- **ASSIGNMENT**
The entire listing below is to be reproduced exactly.

──────── PROVIDED ENTRIES

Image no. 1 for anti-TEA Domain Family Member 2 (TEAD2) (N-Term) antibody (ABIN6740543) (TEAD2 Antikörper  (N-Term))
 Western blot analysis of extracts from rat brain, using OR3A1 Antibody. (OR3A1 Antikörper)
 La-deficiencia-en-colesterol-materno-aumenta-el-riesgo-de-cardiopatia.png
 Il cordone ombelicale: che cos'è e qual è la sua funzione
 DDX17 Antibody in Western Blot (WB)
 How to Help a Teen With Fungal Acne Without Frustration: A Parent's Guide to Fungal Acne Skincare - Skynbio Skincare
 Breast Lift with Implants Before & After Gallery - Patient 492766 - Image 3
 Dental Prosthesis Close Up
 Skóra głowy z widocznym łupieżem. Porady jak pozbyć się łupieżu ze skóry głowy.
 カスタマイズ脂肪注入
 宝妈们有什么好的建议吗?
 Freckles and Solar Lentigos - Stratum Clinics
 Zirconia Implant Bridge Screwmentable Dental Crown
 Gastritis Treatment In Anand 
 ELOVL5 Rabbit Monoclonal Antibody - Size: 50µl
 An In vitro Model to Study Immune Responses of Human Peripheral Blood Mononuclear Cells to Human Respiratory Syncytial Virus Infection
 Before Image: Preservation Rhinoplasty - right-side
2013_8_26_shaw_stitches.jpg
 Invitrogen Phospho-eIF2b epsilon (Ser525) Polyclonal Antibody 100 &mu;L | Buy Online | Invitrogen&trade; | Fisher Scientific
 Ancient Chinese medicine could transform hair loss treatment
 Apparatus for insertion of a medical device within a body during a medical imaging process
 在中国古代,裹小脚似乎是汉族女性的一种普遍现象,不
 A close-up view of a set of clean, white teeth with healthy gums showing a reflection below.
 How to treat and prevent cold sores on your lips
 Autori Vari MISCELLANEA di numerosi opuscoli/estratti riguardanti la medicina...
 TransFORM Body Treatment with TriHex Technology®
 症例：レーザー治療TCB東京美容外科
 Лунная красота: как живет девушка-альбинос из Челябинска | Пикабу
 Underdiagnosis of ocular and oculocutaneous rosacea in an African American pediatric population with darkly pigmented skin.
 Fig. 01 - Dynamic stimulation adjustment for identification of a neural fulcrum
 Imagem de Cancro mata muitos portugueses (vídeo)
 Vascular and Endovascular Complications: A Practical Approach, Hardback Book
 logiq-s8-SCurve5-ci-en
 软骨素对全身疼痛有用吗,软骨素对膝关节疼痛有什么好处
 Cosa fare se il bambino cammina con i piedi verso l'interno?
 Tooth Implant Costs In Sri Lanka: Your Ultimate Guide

────────────────

- **SOLUTION FOR THIS TASK**
Image no. 1 for anti-TEA Domain Family Member 2 (TEAD2) (N-Term) antibody (ABIN6740543) (TEAD2 Antikörper  (N-Term))
 Western blot analysis of extracts from rat brain, using OR3A1 Antibody. (OR3A1 Antikörper)
 La-deficiencia-en-colesterol-materno-aumenta-el-riesgo-de-cardiopatia.png
 Il cordone ombelicale: che cos'è e qual è la sua funzione
 DDX17 Antibody in Western Blot (WB)
 How to Help a Teen With Fungal Acne Without Frustration: A Parent's Guide to Fungal Acne Skincare - Skynbio Skincare
 Breast Lift with Implants Before & After Gallery - Patient 492766 - Image 3
 Dental Prosthesis Close Up
 Skóra głowy z widocznym łupieżem. Porady jak pozbyć się łupieżu ze skóry głowy.
 カスタマイズ脂肪注入
 宝妈们有什么好的建议吗?
 Freckles and Solar Lentigos - Stratum Clinics
 Zirconia Implant Bridge Screwmentable Dental Crown
 Gastritis Treatment In Anand 
 ELOVL5 Rabbit Monoclonal Antibody - Size: 50µl
 An In vitro Model to Study Immune Responses of Human Peripheral Blood Mononuclear Cells to Human Respiratory Syncytial Virus Infection
 Before Image: Preservation Rhinoplasty - right-side
2013_8_26_shaw_stitches.jpg
 Invitrogen Phospho-eIF2b epsilon (Ser525) Polyclonal Antibody 100 &mu;L | Buy Online | Invitrogen&trade; | Fisher Scientific
 Ancient Chinese medicine could transform hair loss treatment
 Apparatus for insertion of a medical device within a body during a medical imaging process
 在中国古代,裹小脚似乎是汉族女性的一种普遍现象,不
 A close-up view of a set of clean, white teeth with healthy gums showing a reflection below.
 How to treat and prevent cold sores on your lips
 Autori Vari MISCELLANEA di numerosi opuscoli/estratti riguardanti la medicina...
 TransFORM Body Treatment with TriHex Technology®
 症例：レーザー治療TCB東京美容外科
 Лунная красота: как живет девушка-альбинос из Челябинска | Пикабу
 Underdiagnosis of ocular and oculocutaneous rosacea in an African American pediatric population with darkly pigmented skin.
 Fig. 01 - Dynamic stimulation adjustment for identification of a neural fulcrum
 Imagem de Cancro mata muitos portugueses (vídeo)
 Vascular and Endovascular Complications: A Practical Approach, Hardback Book
 logiq-s8-SCurve5-ci-en
 软骨素对全身疼痛有用吗,软骨素对膝关节疼痛有什么好处
 Cosa fare se il bambino cammina con i piedi verso l'interno?
 Tooth Implant Costs In Sri Lanka: Your Ultimate Guide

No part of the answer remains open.